1995 single by U2 and Brian Eno

"Miss Sarajevo" is a song by Irish rock band U2 and British musician Brian Eno, credited to the pseudonym "Passengers". It was released on 20 November 1995 as the only single from their album Original Soundtracks 1. Italian tenor Luciano Pavarotti makes a vocal appearance, singing the opera solo. The song was written about a group of women who held a beauty pageant during the Siege of Sarajevo as an act of defiance.

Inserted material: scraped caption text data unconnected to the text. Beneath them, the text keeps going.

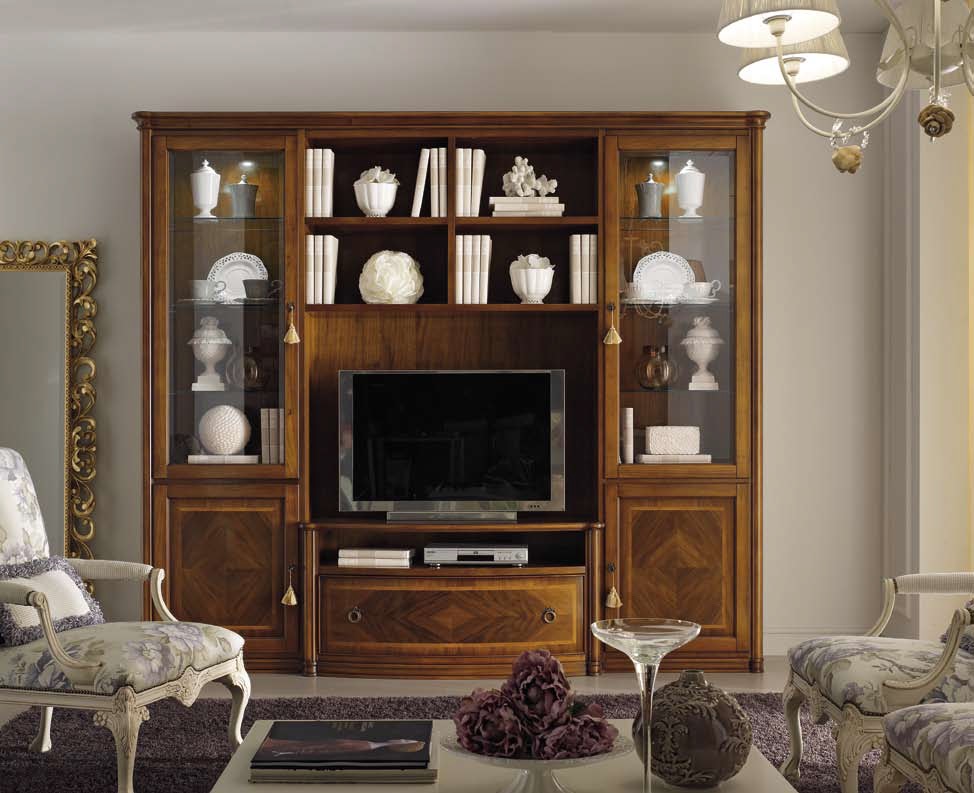 Стенка Carlotta art.comp.A от магазина Piramida Interiors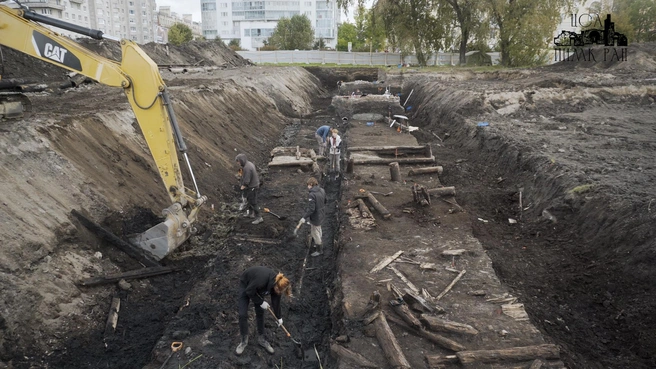 В городе, существовавшем на месте Петербурга, нашли систему водоотвода | Источник: АрхеоКод / ИИМК РАН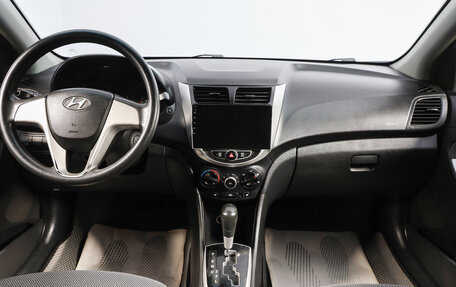 Hyundai Solaris II рестайлинг, 2014 год, 899 000 рублей, 12 фотография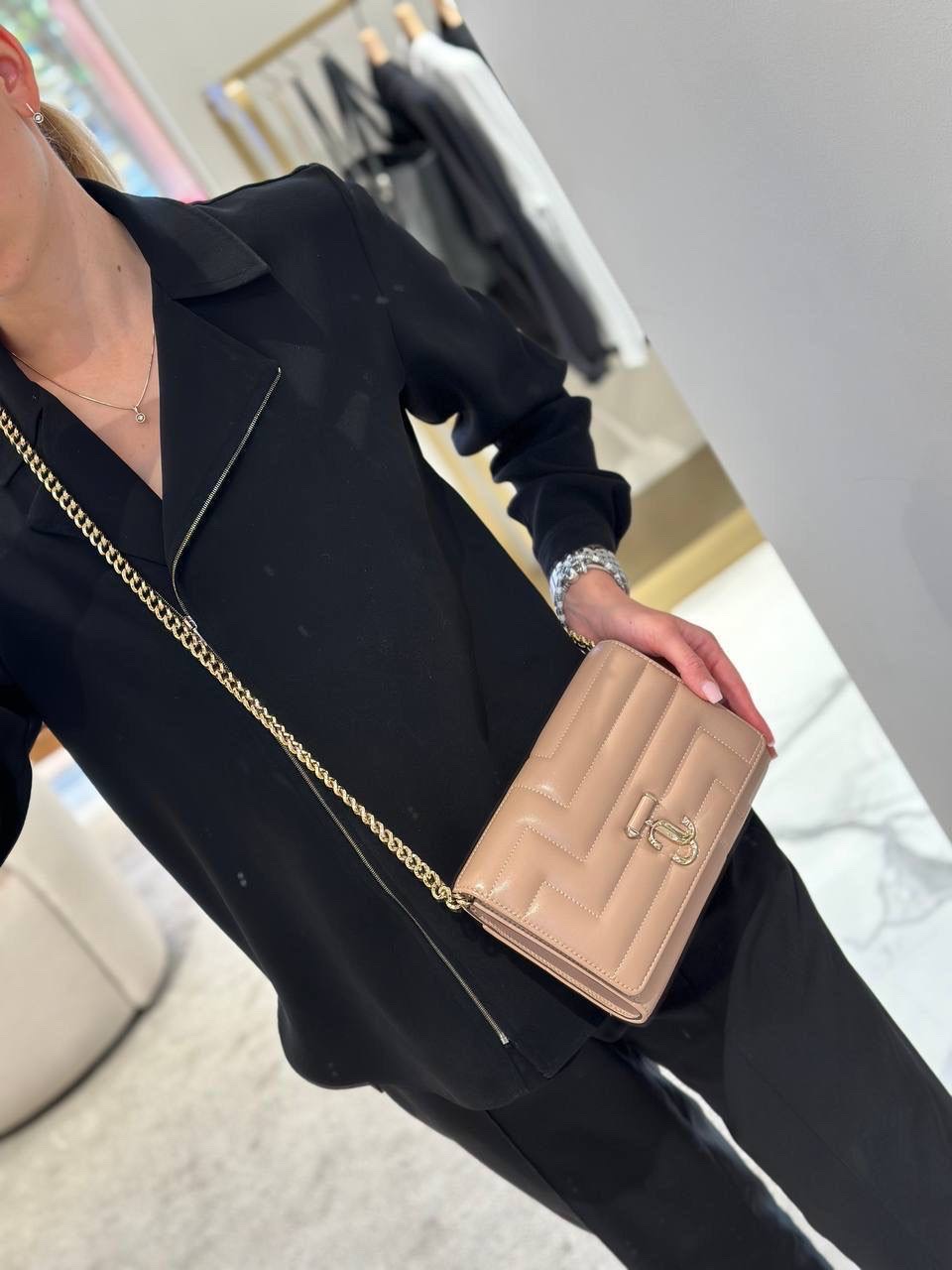 JIMMY CHOO Crossbody bags side view - Women's luxury Bags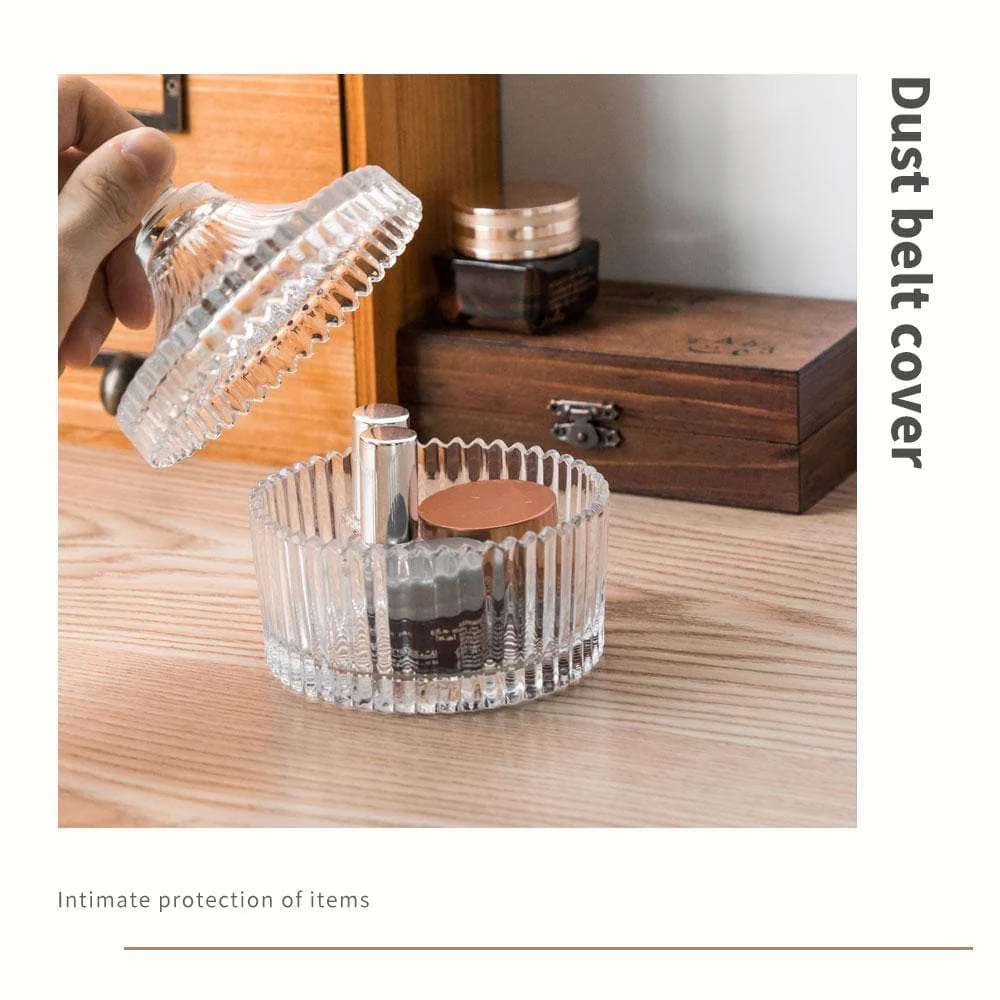 Phomemo Cosmetic Glass Box for Organization - Image 3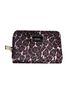Trina Turk Animal Print Multi Color Makeup Bag One size - photo 1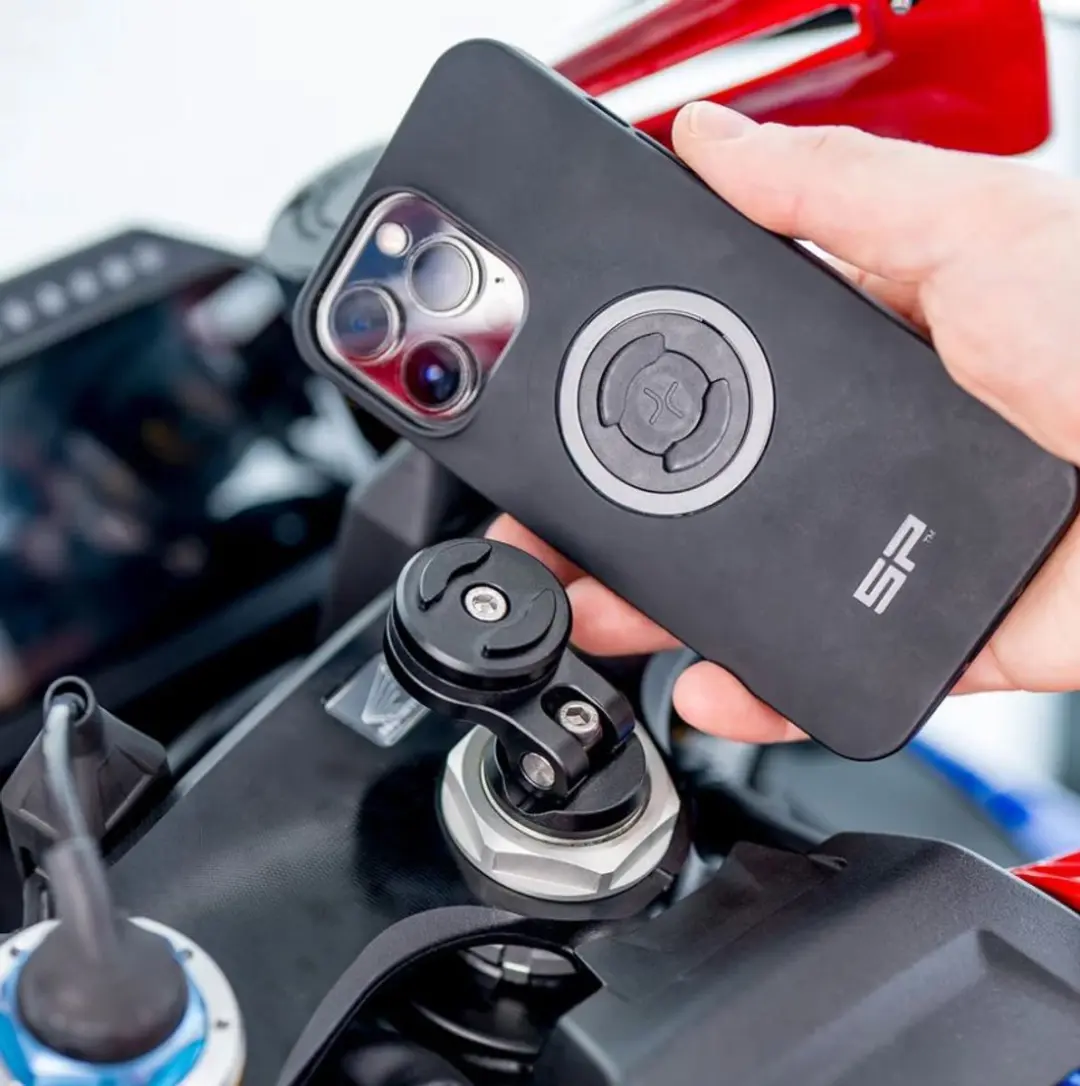SP Connect Head SPC+ Moto Pro/Mirror Pro/Barclamp Pro - Telefoonhouder - 52794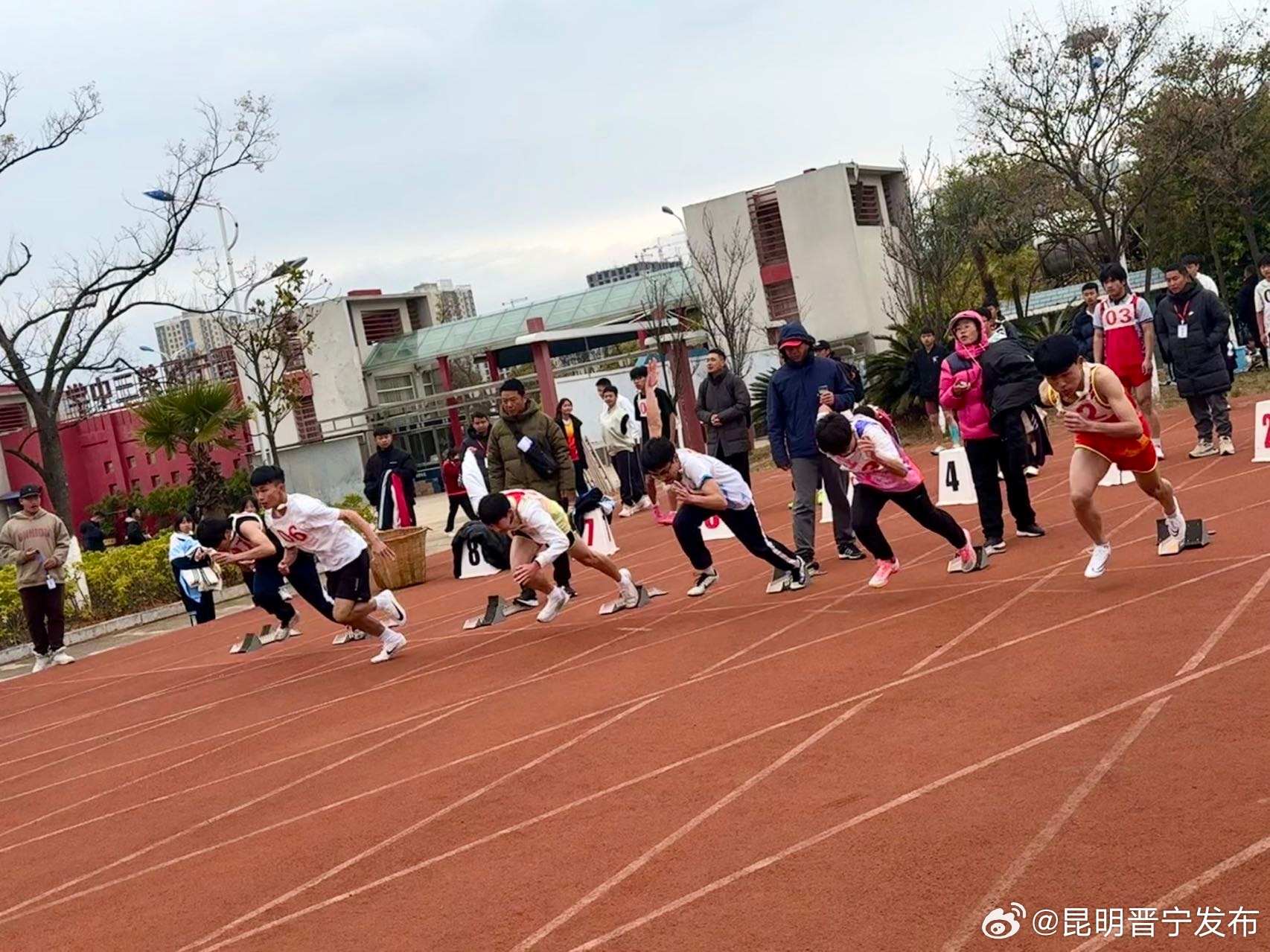热烈庆祝武鸣校区秋季学生运动会圆满落幕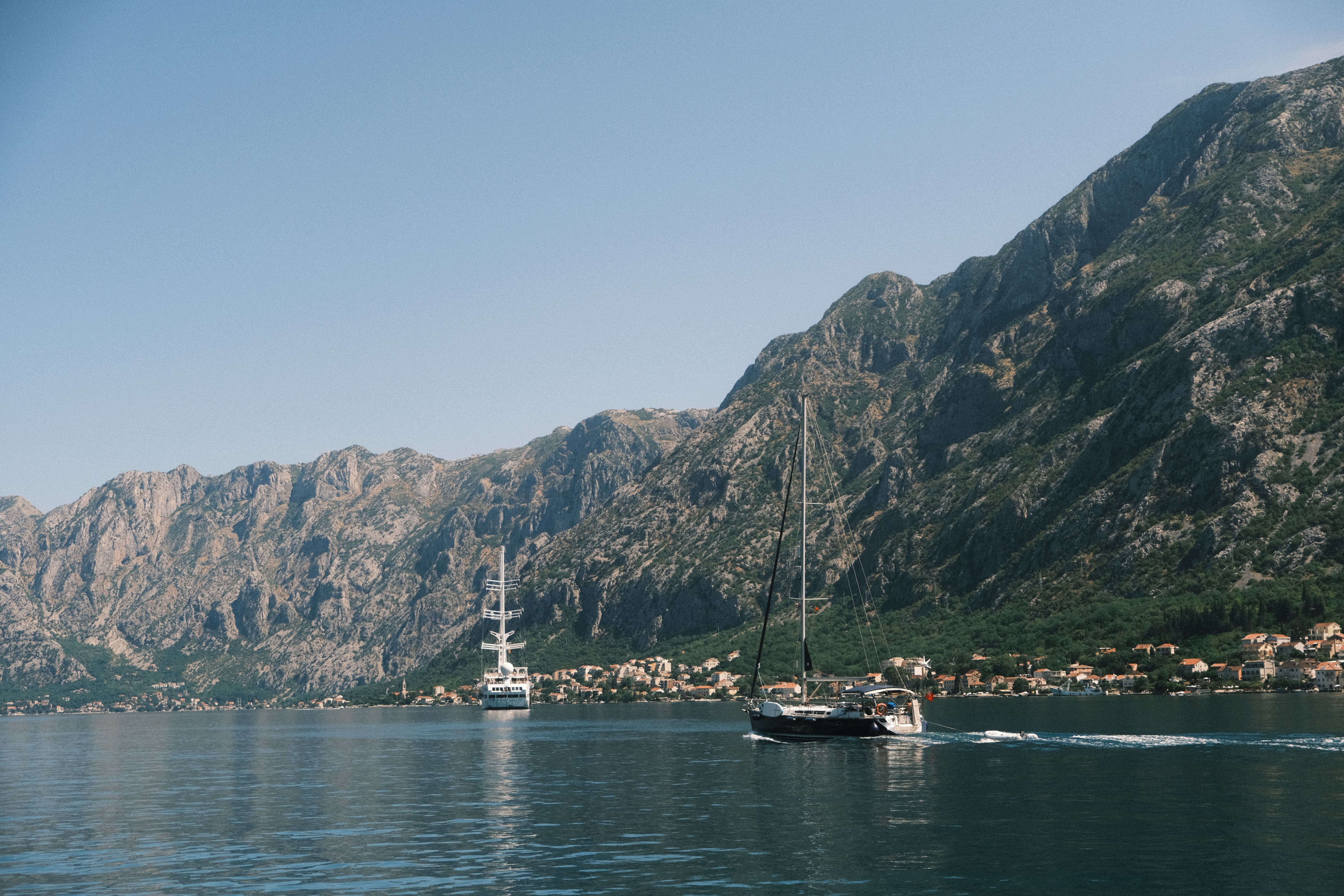 What makes Porto Montenegro attractive to superyachts?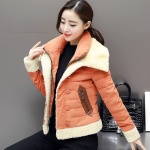 新款春秋季韩版羽绒服女修身外套潮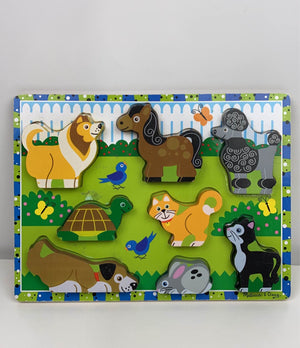 Melissa & Doug Chunky Pets Puzzle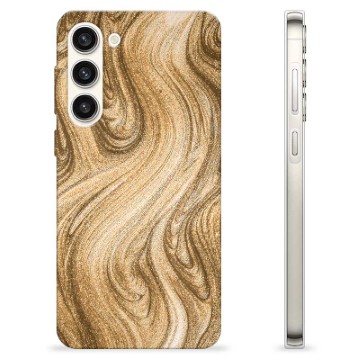 Samsung Galaxy S23+ 5G TPU-hoesje - Gouden Zand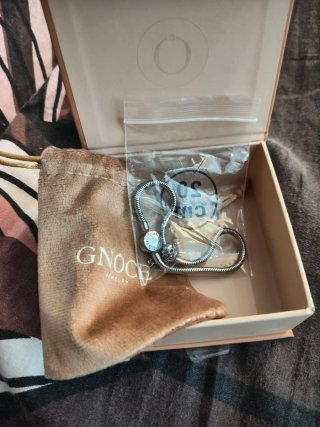 Pulsera Gnoce estilo Pandora con charms
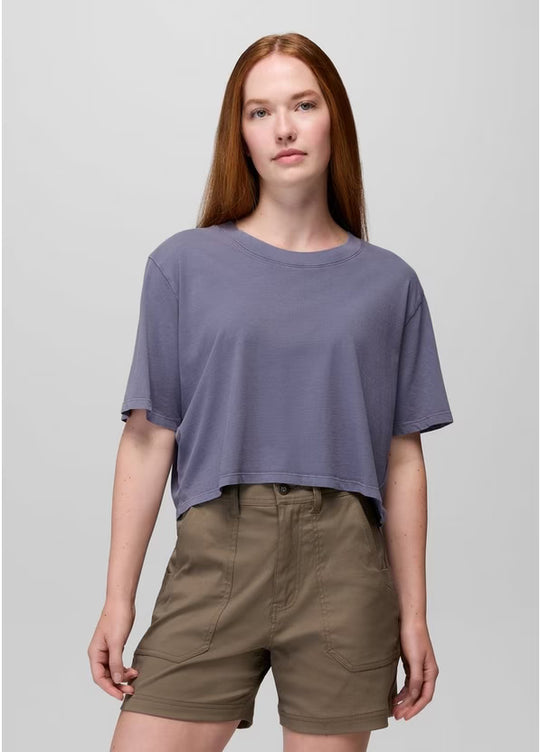 Prana Everyday Crop Tee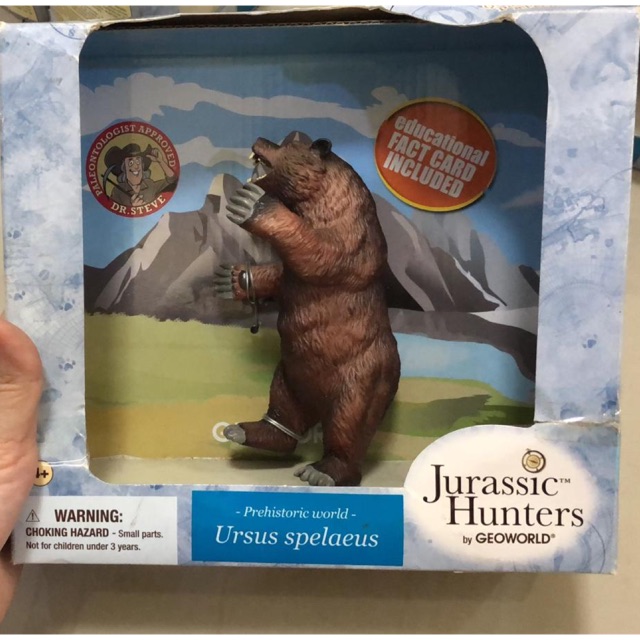 Jurassic hunters bear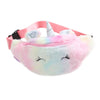 Sac Banane Licorne Paillettes Réglable Enfant
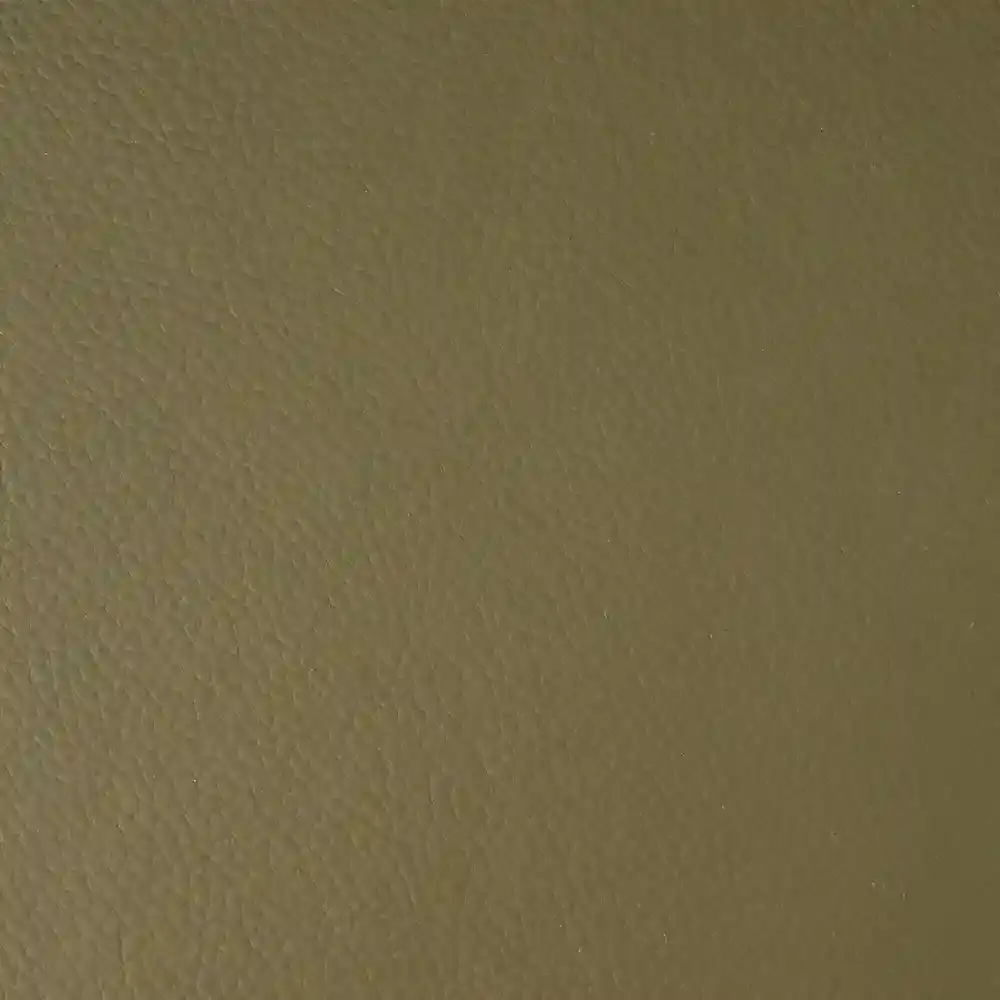 Vermont Garden Green Leather Swivel Occasional Chair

"Miss Sarajevo" appears on U2's compilation The Best of 1990–2000 and was covered by George Michael on his album Songs from the Last Century. While the song did not enter the US Billboard Hot 100, it reached number six on the UK Singles Chart and was a top-10 hit in many other European countries. U2 vocalist Bono cites "Miss Sarajevo" as his favourite U2 song.

==Background==
U2 first became involved with Sarajevo during the Bosnian War, which stemmed from the genocide by Bosnian Serbs against Bosnian Muslims. Once Bosnia and Herzegovina had declared their independence from Yugoslavia, the Serbs from Sarajevo suburbs surrounded the capital, Sarajevo, as they planned to include a territory of the country as part of their new Serbian state of Republika Srpska. It was the longest siege of a capital city in the history of modern warfare, lasting from April 1992 until February 1996. The population of Sarajevo was reduced to poverty, no longer having access to public transit, water, gas and electricity, depending greatly on relief agencies. By October 1992, no-fly zones were established by the United Nations, making it difficult for any media cover or relief plans to be sent into the country.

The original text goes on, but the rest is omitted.